When I was on the Parish Council, Devon County wrote to ask who owned that wall as it was in bad condition. I was able to give them the above details and to assure them that they owned it themselves! To my knowledge, no repair work has ever been carried out by them since that date!! Jo Chown
Thank you Jo.
Our work on the display for the Patteson Event was very well received, thank you, the credit goes to all who helped. Jackie went on the walk to Alfington and a wonderful spread was lovely put on by Alfington Church.
Geoff explained there are still van loads of documents, including letters to Santa!!, to be indexed and sorted in the Devon Heritage Centre, a work in progress.

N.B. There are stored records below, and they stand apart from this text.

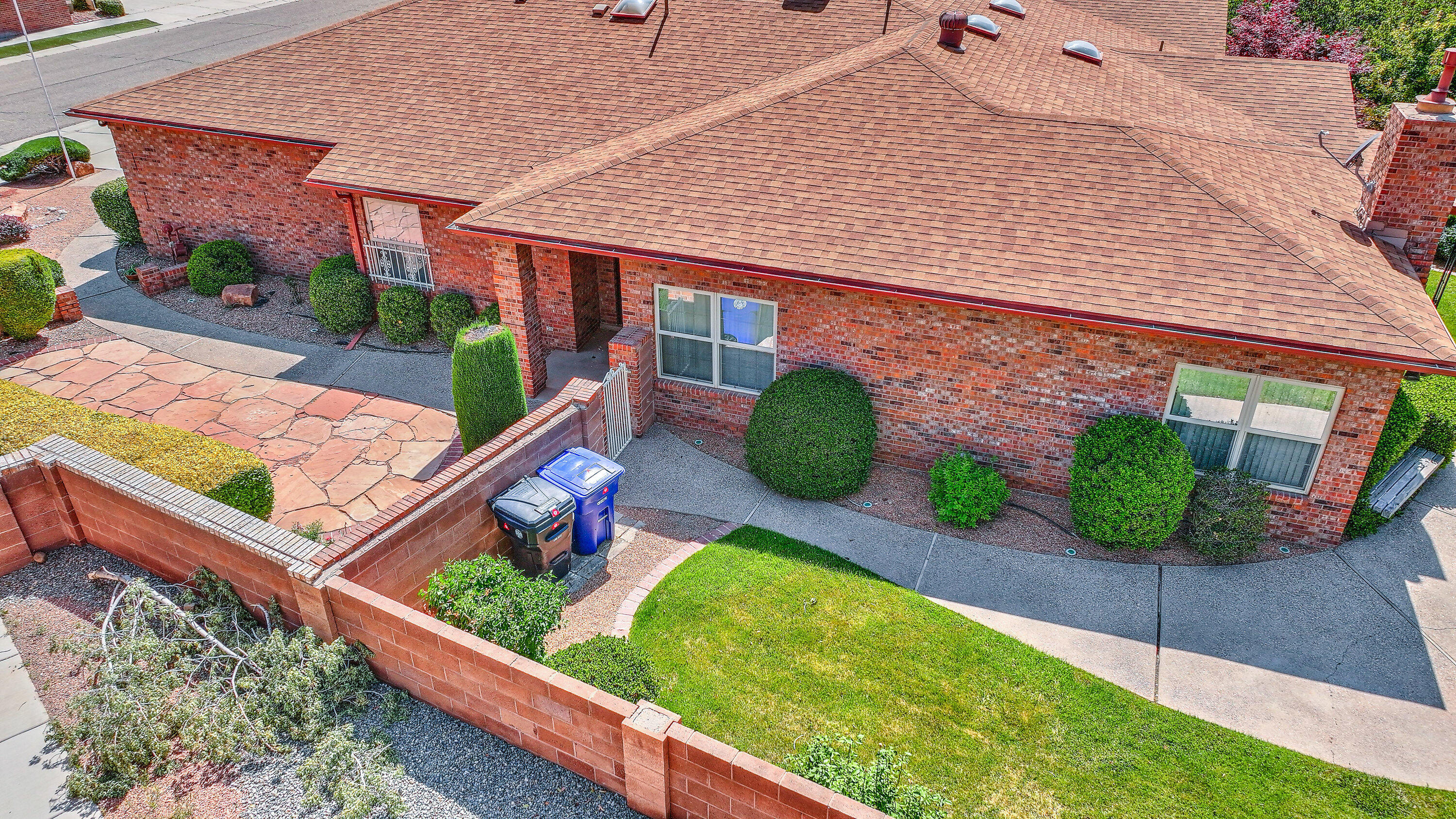 9339 ADMIRAL LOWELL Place NE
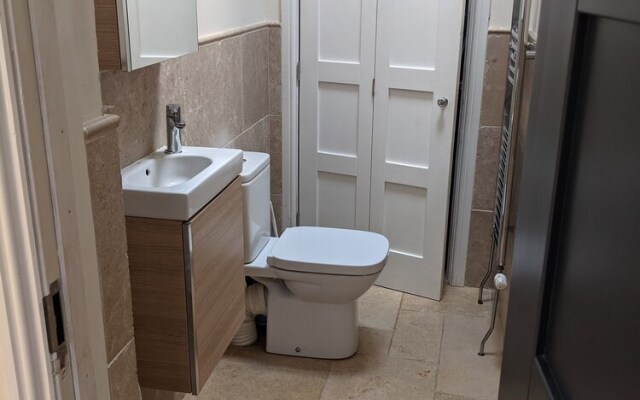 Beautiful Large 4-bed House, Close to Celtic Manor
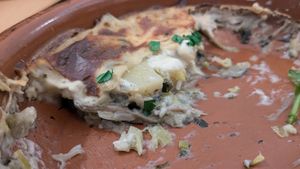 "Bacalhau" com natas at A Minha Avó in Lisbon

Brenda asked us for photos suitable for the Parish Magazine cover, must have good definition to reproduce in black and white.

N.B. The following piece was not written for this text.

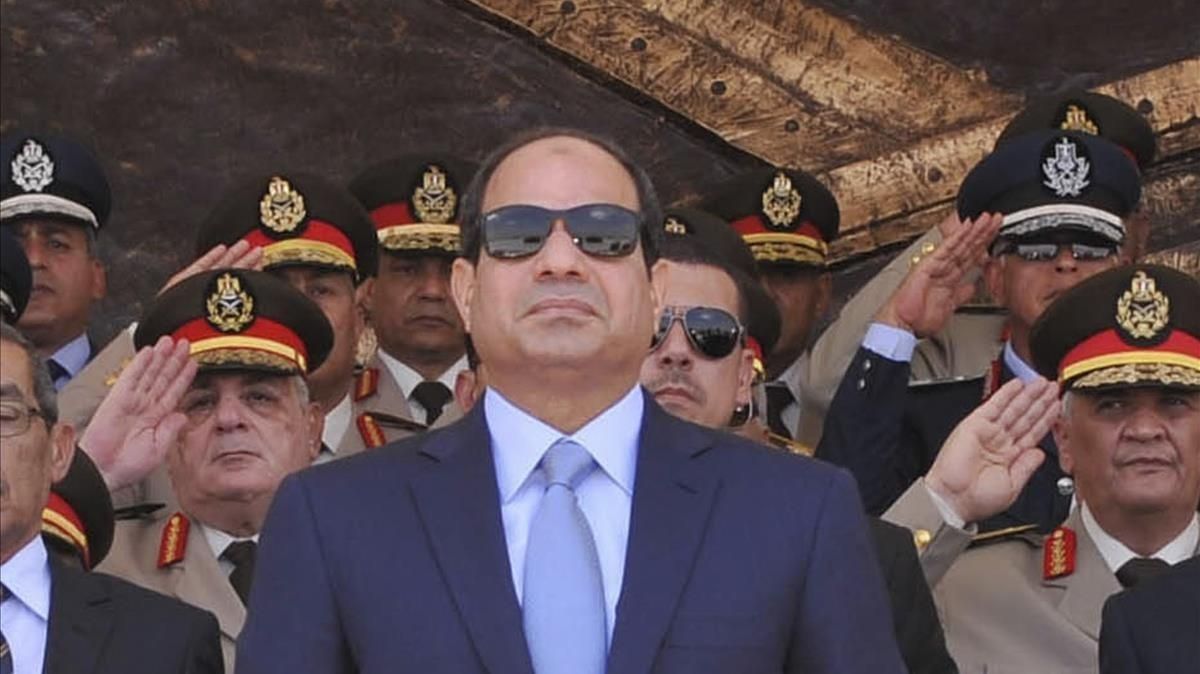 El presidente egipcio, Abdelfata al Sisi, rodeado de sus generales. El presidente egipcio, Abdelfata al Sisi, rodeado de sus generales.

Memories of the snow in 1963 were discussed.
Our earlier discussions on the coach Bishop Patteson would have taken to the train at Cullompton led Brenda to spot a print in an auction sale at Ottery of Russell's Flying Wagons.
This link is very interesting:
Brenda also found out that Russell bought farms along the route to rest the horses, one being at Redloft Farm Offwell, no longer there now.
The railways, of course changed all this. Brenda's great grandfather worked on the construction and was killed in a fall while working on a tunnel at Fowey in 1874.
Bill reported he is working with David to carve oak name plaques to place on the pews with coats of arms on so that the families are identified to visitors. He has also kindly offered to make one for the History Group to place by our displays, following Brenda saying we should have put our name up on the boards to say we had done the work on the boards. Thank you Bill.
Our next event is the talk with Chris Wakefield from Ottery Heritage on Boundaries in the Church on 30th April. To be followed by the Rogation and Beating the Bounds walk on 10th May.
The Friends of St. Andrew's are holding a Wedding Dress display in the Church weekend of the 16th May. Brenda is writing up the history of wedding dresses to accompany the dresses.
Our next meeting will be on Thurs. 7th May in the Nog Inn.
To close we must pass on our Congratulations to David and Sheila on the celebration of their Golden Wedding Anniversary.